There is therefore a need to provide membranes with improved super-hydrophobicity properties, that will result in more efficient oil/water separation processes.
In a first aspect, the present invention relates to a method of preparation of super-hydrophobic membranes for separation of organic substances, such as for example hydrocarbons, from aqueous phases.
It is therefore an object of the present application a method for preparing a super-hydrophobic membrane comprising the steps of:
In an embodiment of the invention, the surface modification treatment of step c) comprises an electrochemical anodizing process. Preferably, said electrochemical anodizing process is carried out in an aqueous NaOH solution. More preferably, said electrochemical anodizing process is carried out with copper counter electrodes and with a surface current density of approximately 0.17 A/cm2. Preferably, the mesh is dried in a stove after this electrochemical anodizing process.
In another embodiment of the invention, the surface modification treatment of step c) comprises a chemical oxidation with mineral acid, preferably hydrochloric acid.
In another embodiment of the invention, the method further includes a step c′) prior to step d) wherein the metal mesh is subjected to a treatment step with a suspension of nanoparticulated oxides. Preferably, these nanoparticulated oxides are selected from SiO2, TiO2 and combinations thereof.
In an embodiment of the invention, the metal mesh is a mesh of an alloy selected from the group comprising brass, bronze, tin bronze or stainless steel.
In an embodiment of the invention, in step d) the mesh is coated by immersion in a solution of a hydrophobic silylated reagent. Preferably, the hydrophobic silylated reagent is selected from the group comprising hexadecyltrimethoxysilane (HDTMS), octadecyltrimethoxysilane, and their respective ethoxylated derivates and silanols, in a mixture of ethanol and glacial acetic acid.
In another embodiment of the invention, in step d) the mesh is coated by immersion in long chain alcohols at approximately boiling temperature. Preferably, the long chain alcohols are selected from the group comprising octanol, decanol, dodecanol, hexadecanol, halogenated alcohols.

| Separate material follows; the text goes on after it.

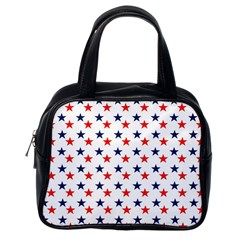 Patriotic Red White Blue Stars Usa Classic Handbags (one Side) by Celenk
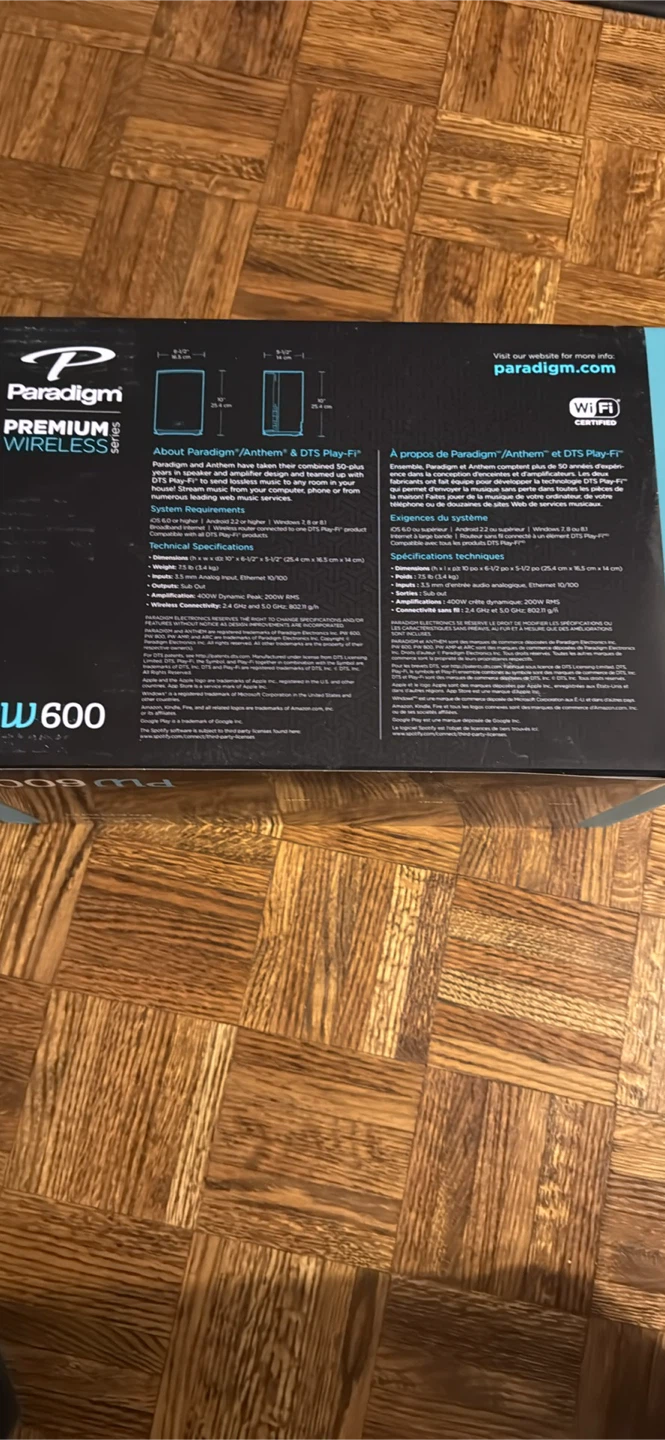 Paradigm PW 600 Premium Wireless Speaker - photo 5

In an embodiment of the invention, in step d) the mesh is coated by immersion in a solution comprising fluorinated polymers, silicones or combinations thereof, preferably polyvinylidene (PVDF), fluorinated ethylene propylene (FEP) and polytetrafluoroethylene (PTFE).
In another embodiment of the invention, the solution comprising fluorinated polymers, silicones or combinations thereof also comprises nanoparticulated oxides. The step of treatment with a suspension of nanoparticulated oxides is carried out simultaneously with step c).

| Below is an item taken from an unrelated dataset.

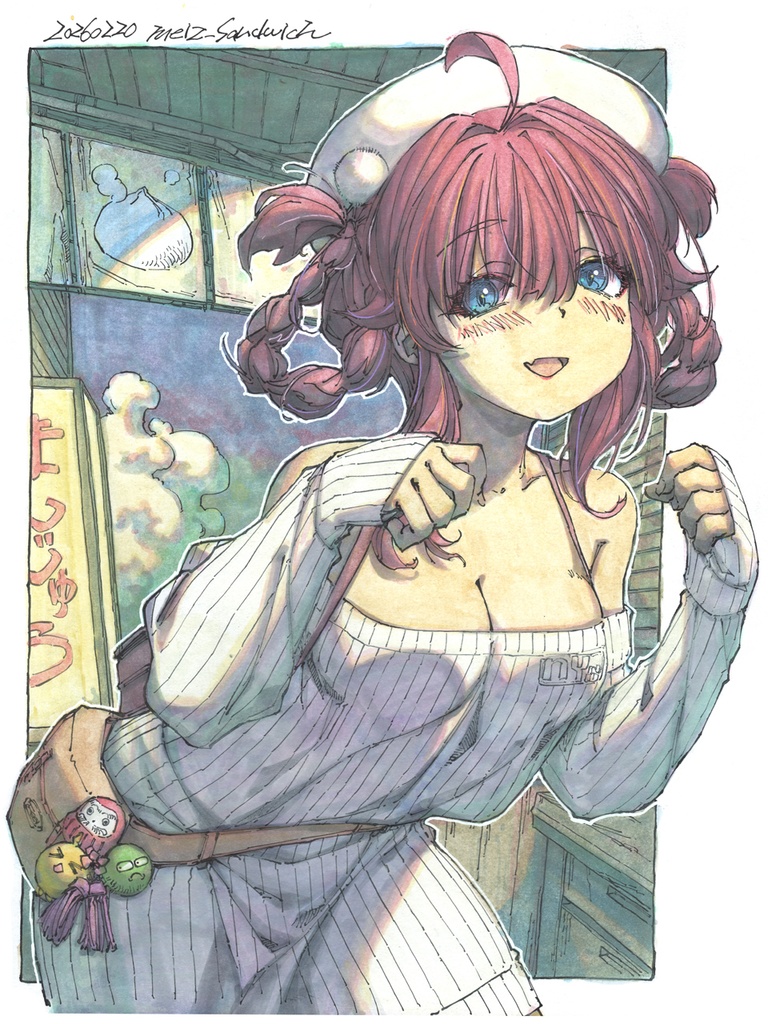 【色紙水彩】midnight wipped cream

In an embodiment of the invention, in step e) the mesh treated in step d) is dried at a temperature in the range between 90° C. and 210° C., preferably 110° C.
In an embodiment of the invention, in step e) the mesh treated in step d) is dried at a pressure in the range between 5 and 40 mmHg.

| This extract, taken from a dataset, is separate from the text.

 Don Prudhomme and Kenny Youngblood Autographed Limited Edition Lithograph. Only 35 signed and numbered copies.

In a second aspect, the present invention refers to a super-hydrophobic membrane that presents a contact angle in the range between 150° and 170°, preferably between 158° and 162° and more preferably approximately 162°.
In a third aspect, the present invention refers to a super-hydrophobic membrane comprising:
In embodiments of this third aspect of the invention, the metal mesh is superficially treated by a chemical oxidation with a mineral acid, preferably hydrochloric acid, or by an electrochemical anodizing process.
In embodiments of this third aspect of the invention, the hydrophobic coating is selected from the group comprising:
In embodiments of this third aspect of the invention, the membrane further comprises nanoparticulated oxides, preferably SiO2, TiO2 or combinations thereof.
The application will be described in detail with reference to the accompanying figures.
As used herein, the given numerical ranges of variables or physical quantities are intended to comprise the end values of the range as well as any intermediate values.
The term “approximately” indicates that a given variable or physical quantity may be within a range of +/−10% of the given numerical value.
The terms “oil”, “oil phase”, “organic phase” and equivalents are used in the present application indistinctly in order to indicate any hydrocarbon phase to be separated from a mixture with an aqueous phase.
The methods for preparing super-hydrophobic membranes will be described as follows and will be illustrated by means of non-limiting examples.
In general, the method comprises a step wherein a metal mesh is pre-treated by cleaning using an organic solvent, followed by a step wherein a surface modification treatment of the cleaned metal mesh surface is carried out.
This surface modification step can be carried out by reaction of a metal surface with mineral acids, or by way of electrolysis, as explained in further detail below.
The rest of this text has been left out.